3. Equal Protection, Similarly Situated, and Inappropriate Animus

Plaintiffs also find error in the Court's analysis of the equal protection claim. According to Plaintiffs, the Court erred when it failed to recognize "controlling law" from various Wisconsin state courts, overlooked evidence of Defendants' inappropriate motivation and animus, and again applied a "heightened pleading standard." (Id. at 7-11.) Their arguments are unavailing.

First, Plaintiffs point to several Wisconsin state court cases that they describe as "precedent" establishing that their property is "similarly situated" to other residences in the City of Weyauwega for purposes of an equal protection class-of-one claim. (Pl. Memo. in Supp. of Mot. for Recons. 8-10, ECF No. 86.) Even if Plaintiffs correctly interpret these state court cases and they support the designation of Plaintiffs' property as a "homestead" or a "residence," it does not follow that Plaintiffs' property is similarly situated to other property in Weyauwega. Plaintiffs "must demonstrate that they were treated differently than someone who is prima facie identical in all relevant respects." Purze v. Vill. of Winthrop Harbor, 286 F.3d 452, 455 (7th Cir. 2002). A determination that Plaintiffs' property is a homestead or a residence under Wisconsin property law does not mean it is "identical in all relevant respects" to the other homestead or residential properties. Similarly, while Wisconsin state courts may draw a conclusion when a property is "unique" in cases concerning special assessments by municipalities, the state court analyses do not control the result or even provide significant persuasive force in this case about disparate treatment under the federal constitution.

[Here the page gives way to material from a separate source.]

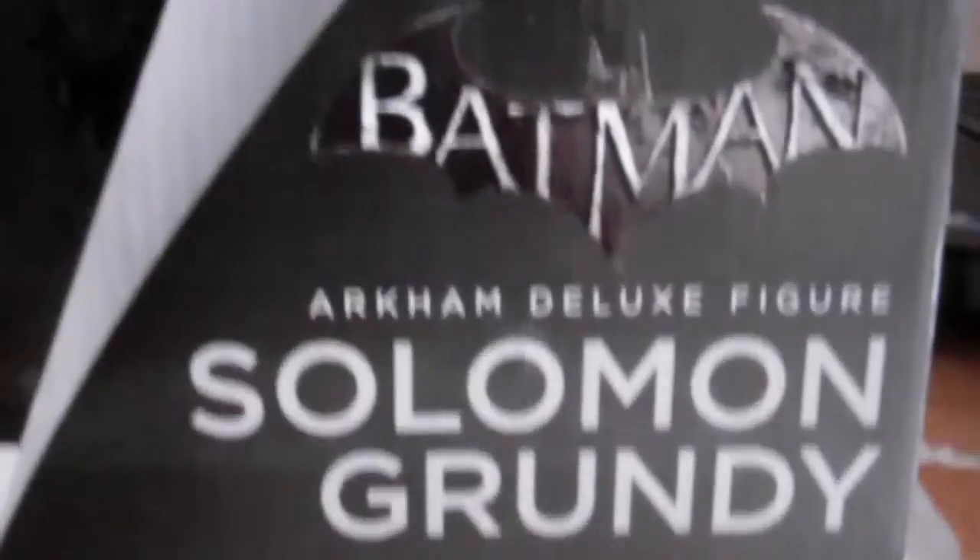The package is really nice — Batman Arkham Deluxe, Solomon Grundy, DC Collectibles. This thing is huge. The figure itself looks really cool, sculpted by Joe Mina. There's also the Titan Joker in the line — I'm not too fussed with Killer Croc.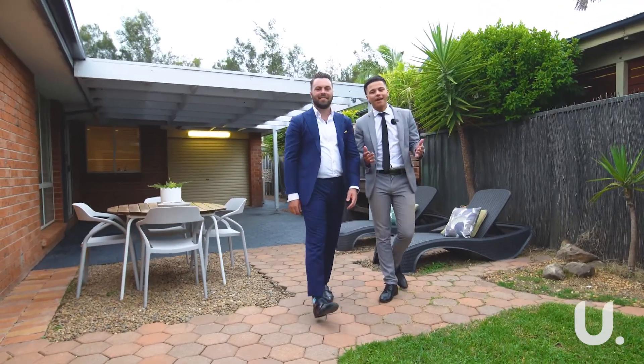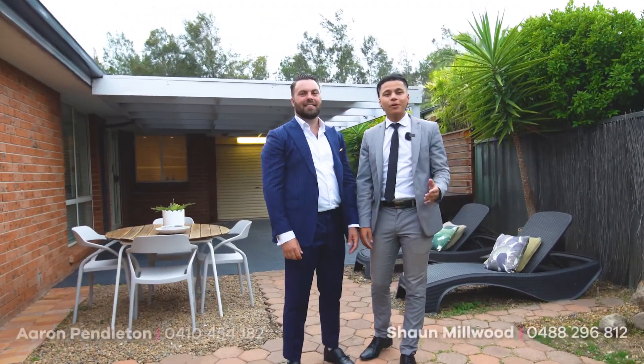Well, it's obvious why everyone would love this place, and we would love to get your feedback at the next open home. Sean and Aaron from Urban Land Housing — cheers.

In this case about equal protection under the Fourteenth Amendment, it is not enough that Plaintiffs' property and other properties are "homesteads" or zoned "residential." As I explained in the summary judgment order, to overcome Defendants' motion, Plaintiffs needed to present evidence to create a material issue of fact that another individual "purchased (1) real property (2) in Weyauwega (3) after the adoption of the actual cost policy (4) without running water at the time of purchase, (5) without connection to the municipal water system at the time of purchase, and (6) without water laterals from the water main to the property line at the time of purchase." (Order 20, ECF No. 81.) Plaintiffs presented no evidence that any such individual or property existed.

Second, Plaintiffs argue that the Court erred when it determined that Plaintiffs presented no evidence of inappropriate motivation or animus. Plaintiffs, as the responding party, had the burden to "set out specific facts showing a genuine issue for trial" when the moving party shows there are no facts to support the non-moving parties claim. Fed. R. Civ. P. 56(e)(2). Plaintiffs point to two letters they submitted as exhibits in support of their first motion for partial summary judgment as evidence of inappropriate animus. (Letter, Nov. 25, 2011, Ex. 26, ECF No. 33-13; Letter, Nov. 25, 2011, Ex. 27, ECF No. 33-22.) Even if the Court's discussion regarding animus was dispositive (which it was not), these letters are not evidence of inappropriate animus. Two letters drafted by Plaintiffs consisting various opinions, legal conclusions, and citation to case law are not evidence of inappropriate animus upon which a reasonable jury could rely. Payne v. Pauley, 337 F.3d 767, 772-73 (7th Cir. 2003) ("[T]he Federal Rules of Civil Procedure require the nonmoving party to 'set forth specific facts showing that there is a genuine issue for trial.' Conclusory allegations, unsupported by specific facts, will not suffice." (quoting Fed. R. Civ. P. 56(e)). The letters document Plaintiffs' long-standing belief that animus existed but are not entitled to any weight as to whether the animus actually existed. Thus, summary judgment against Plaintiffs was appropriate.

Finally, Plaintiffs' "heightened pleading standard" argument is again unpersuasive for the reasons already discussed. If anything, it is even less applicable as to the inappropriate animus analysis in the Court's order that concluded that Plaintiffs had failed to present any evidence to create a material issue of fact. (Order 21-22, ECF No. 81 ("Here, Plaintiffs have offered no evidence of inappropriate motivation or animus, instead relying solely on their allegations and personal conclusions.").) Summary judgment is "the 'put up or shut up' moment in litigation," which requires the non-moving party to marshal and present the court with the evidence to prove the party's case. Goodman v. Nat'l Sec. Agency, Inc., 621 F.3d 651, 654 (7th Cir. 2010). The Court did not apply a heightened pleading standard to the equal protection claim; it applied the summary judgment standard and found that Plaintiffs' did meet their burden.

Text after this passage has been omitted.